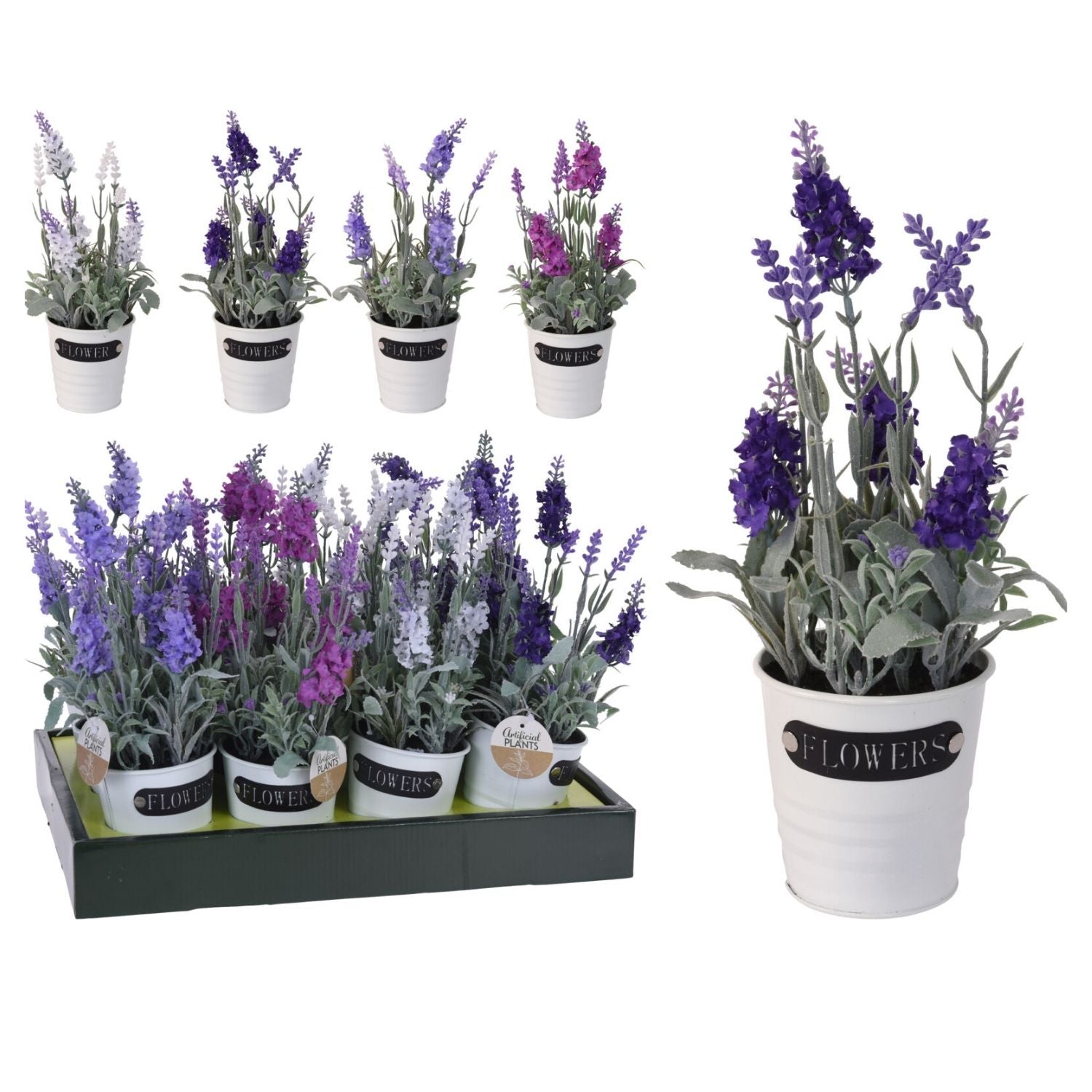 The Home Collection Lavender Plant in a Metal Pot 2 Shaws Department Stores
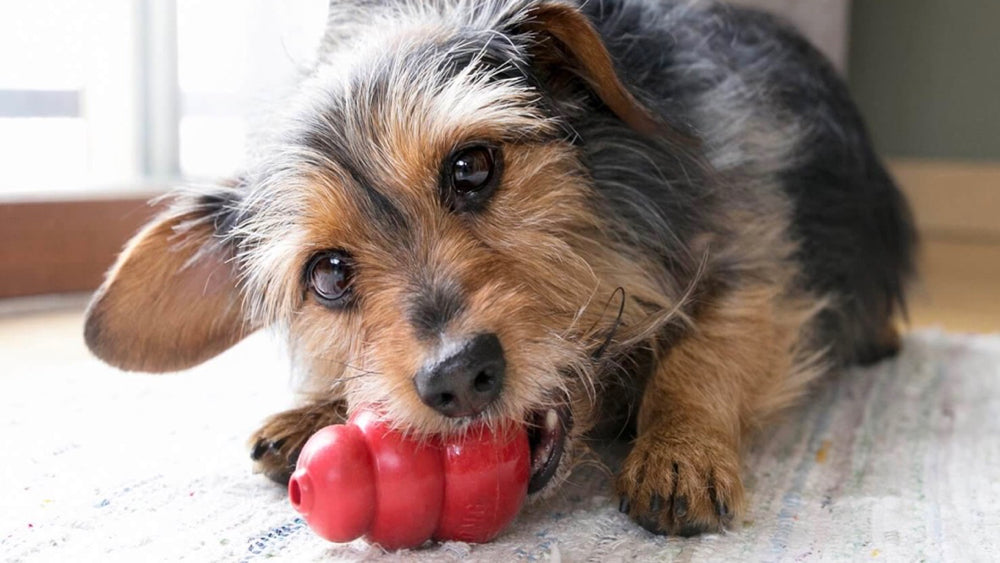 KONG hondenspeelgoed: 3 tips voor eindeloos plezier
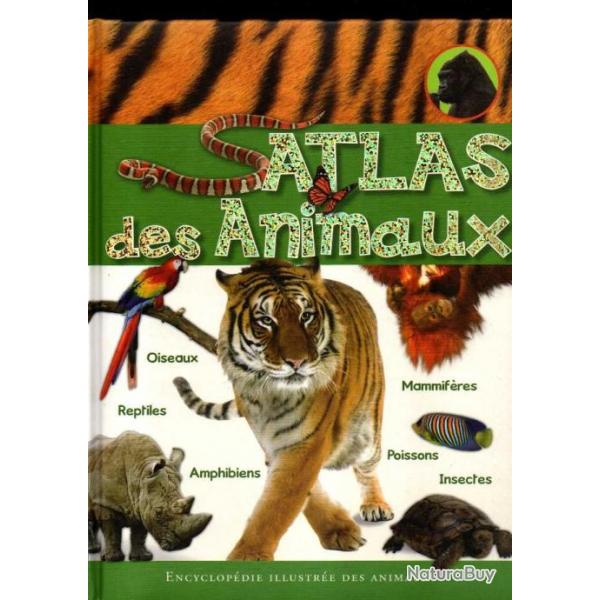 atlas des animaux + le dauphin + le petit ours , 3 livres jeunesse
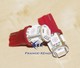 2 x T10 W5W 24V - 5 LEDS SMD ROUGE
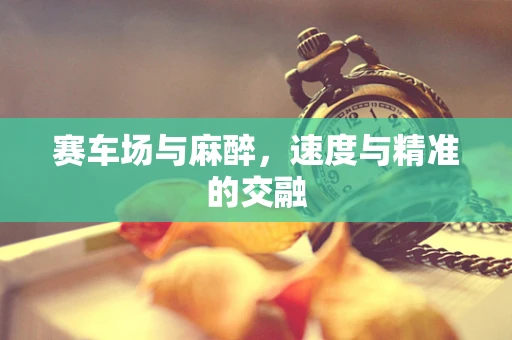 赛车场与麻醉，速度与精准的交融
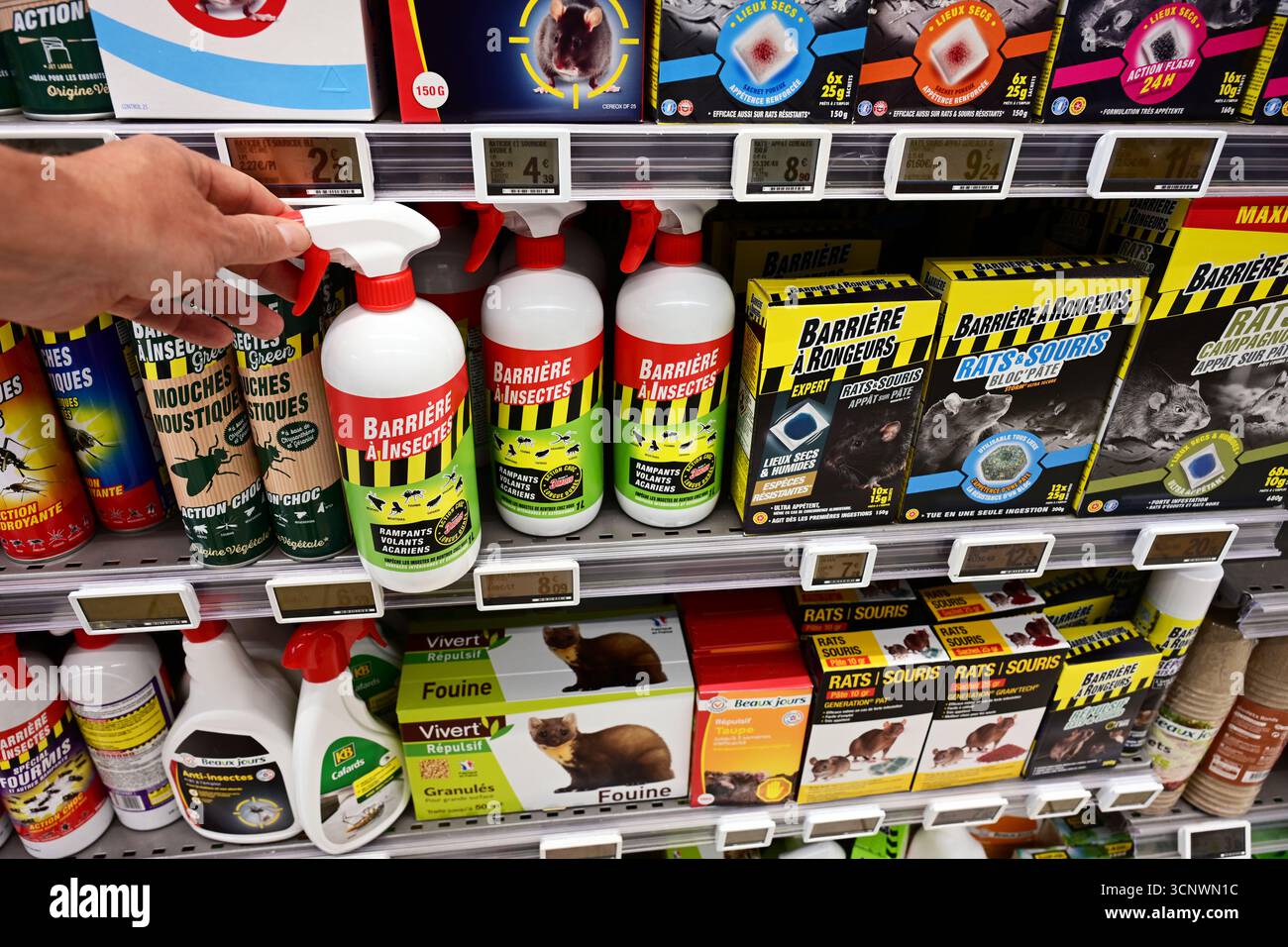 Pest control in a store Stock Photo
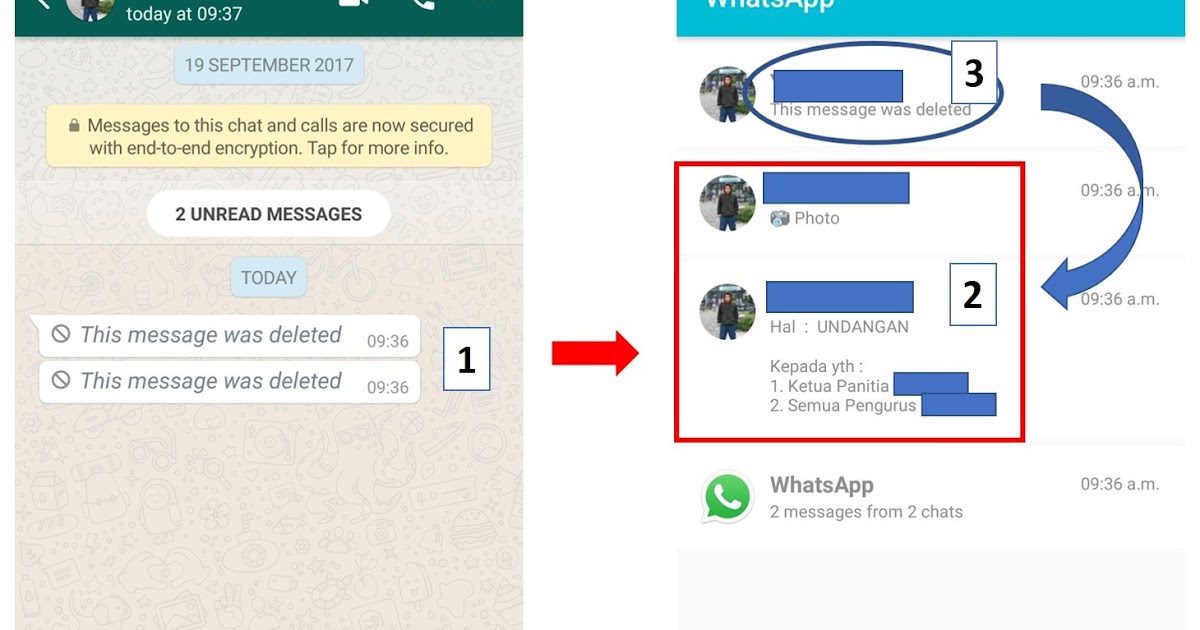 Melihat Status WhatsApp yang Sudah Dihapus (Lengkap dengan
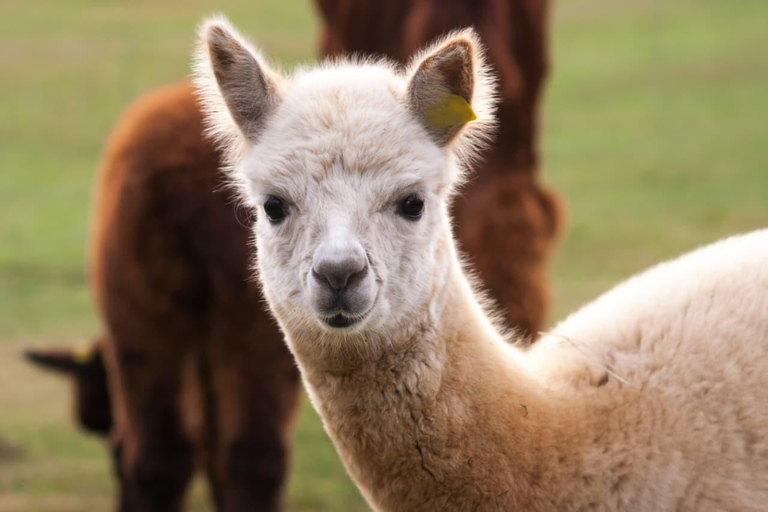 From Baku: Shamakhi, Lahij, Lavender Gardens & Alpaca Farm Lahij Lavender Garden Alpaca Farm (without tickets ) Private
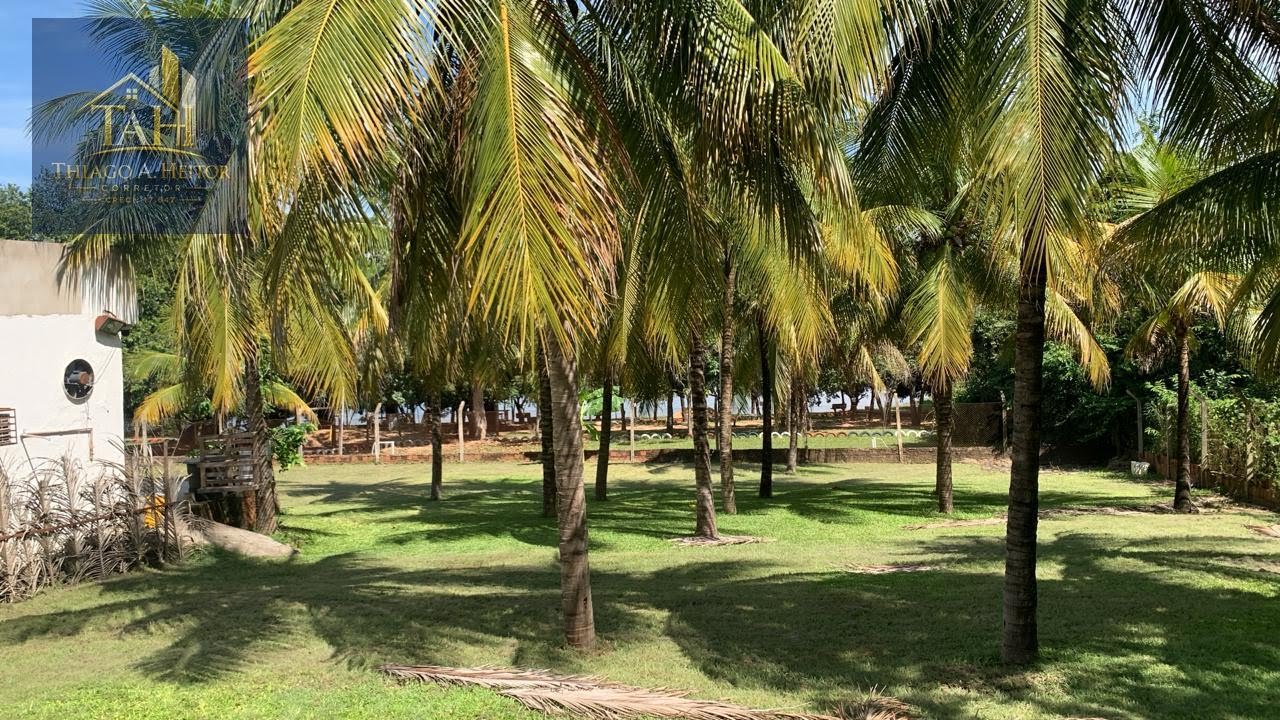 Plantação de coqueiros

= = =

> TASK REQUIREMENTS
Your reply must match the data above line for line, except that it holds no pictures.

> SOLUTION
 The Home Collection Lavender Plant in a Metal Pot 2 Shaws Department Stores
 KONG hondenspeelgoed: 3 tips voor eindeloos plezier
 atlas des animaux + le dauphin + le petit ours , 3 livres jeunesse
 2 x T10 W5W 24V - 5 LEDS SMD ROUGE
 赛车场与麻醉，速度与精准的交融
 Pest control in a store Stock Photo
 Melihat Status WhatsApp yang Sudah Dihapus (Lengkap dengan
 From Baku: Shamakhi, Lahij, Lavender Gardens & Alpaca Farm Lahij Lavender Garden Alpaca Farm (without tickets ) Private
 Plantação de coqueiros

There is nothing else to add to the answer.